Fed’s Barr Cites AI’s Potential for Lending Bias

Fed’s Barr Cites AI’s Potential for Lending Bias

According to the Federal Reserve’s vice chair for Supervision, AI could result in an increase in lending bias. Michael Barr made those claims in remarks delivered at the National Fair Housing Alliance conference on Tuesday. The nation’s top banking regulator cited artificial intelligence’s potential for biased decision-making in lending.

New technologies and the dangers of AI lending bias

In his speech, Barr warned of the dangers AI could pose to eliminating lending discrimination. He noted that machine intelligence could “amplify bias” in lending decisions, due to reliance on poor data:

“Use of machine learning or other artificial intelligence may perpetuate or even amplify bias or inaccuracies inherent in the data used to train the system or make incorrect predictions if that data set is incomplete or nonrepresentative.”

Barr did acknowledge the technology’s potential benefits for consumers but cautioned that AI could lead to violations of fair lending legislation. He suggested that the data points used by machine intelligence could lead to “digital redlining.”
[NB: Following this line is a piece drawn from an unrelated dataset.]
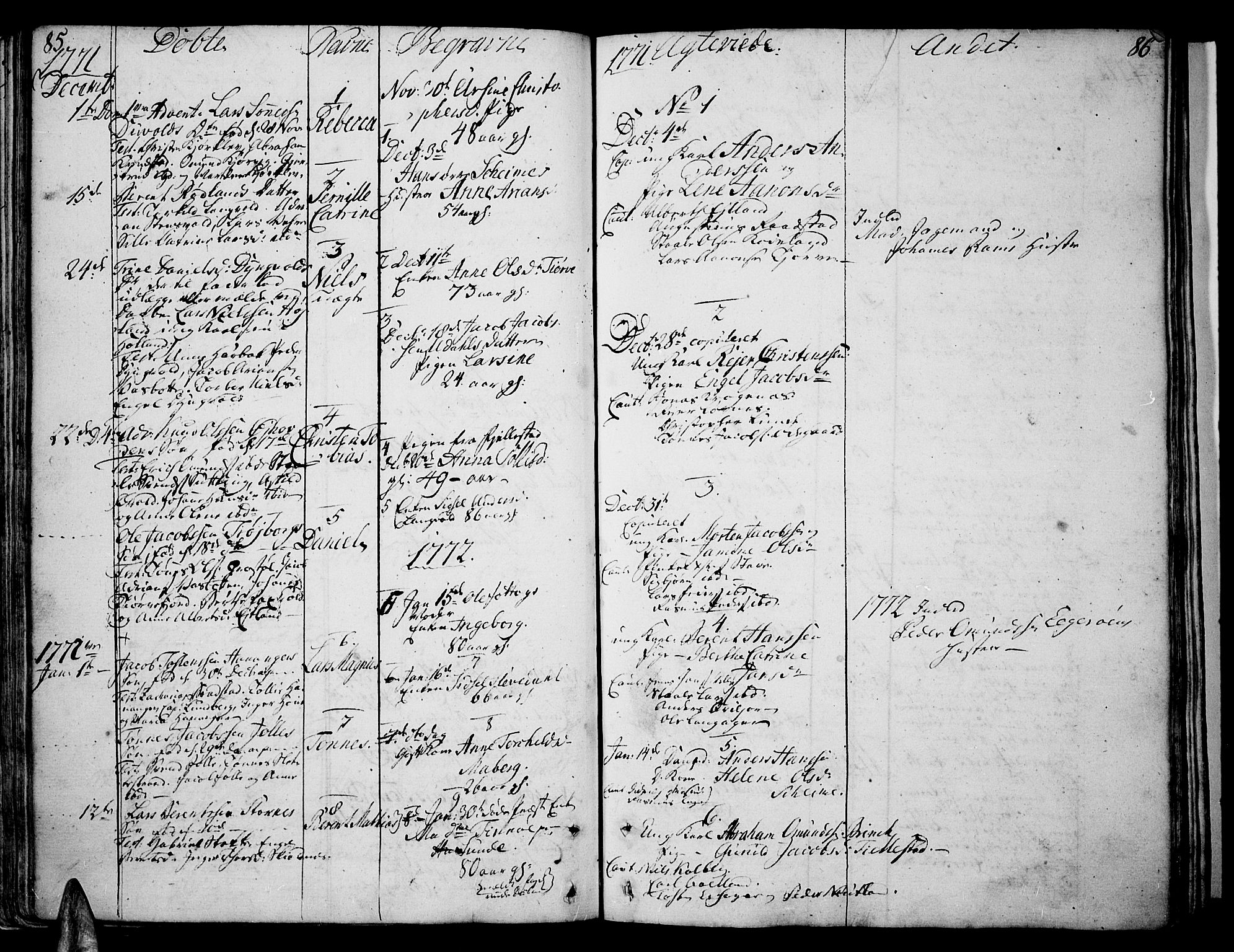 Lista sokneprestkontor, AV/SAK-1111-0027/F/Fa/L0004: Parish register (official) no. A 4, 1768-1794, p. 85-86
The regulator cited the potential for bad actors to manipulate AI in ways that would adversely impact disadvantaged communities. He said that digital redlining could cause minorities to lose access to credit opportunities. Alternatively, the same technology could be used to push inferior or more costly offerings to those communities.

“While these technologies have enormous potential, they also carry risks of violating fair lending laws and perpetuating the very disparities that they have the potential to address.”

Barr did note that the banking industry is still just starting to come to grips with this new technology. Accordingly, he assured his audience that the nation’s regulators are going to be proactive about supervision. To do that, they plan to evaluate companies to ensure that they maintain the right controls to prevent AI-induced lending bias.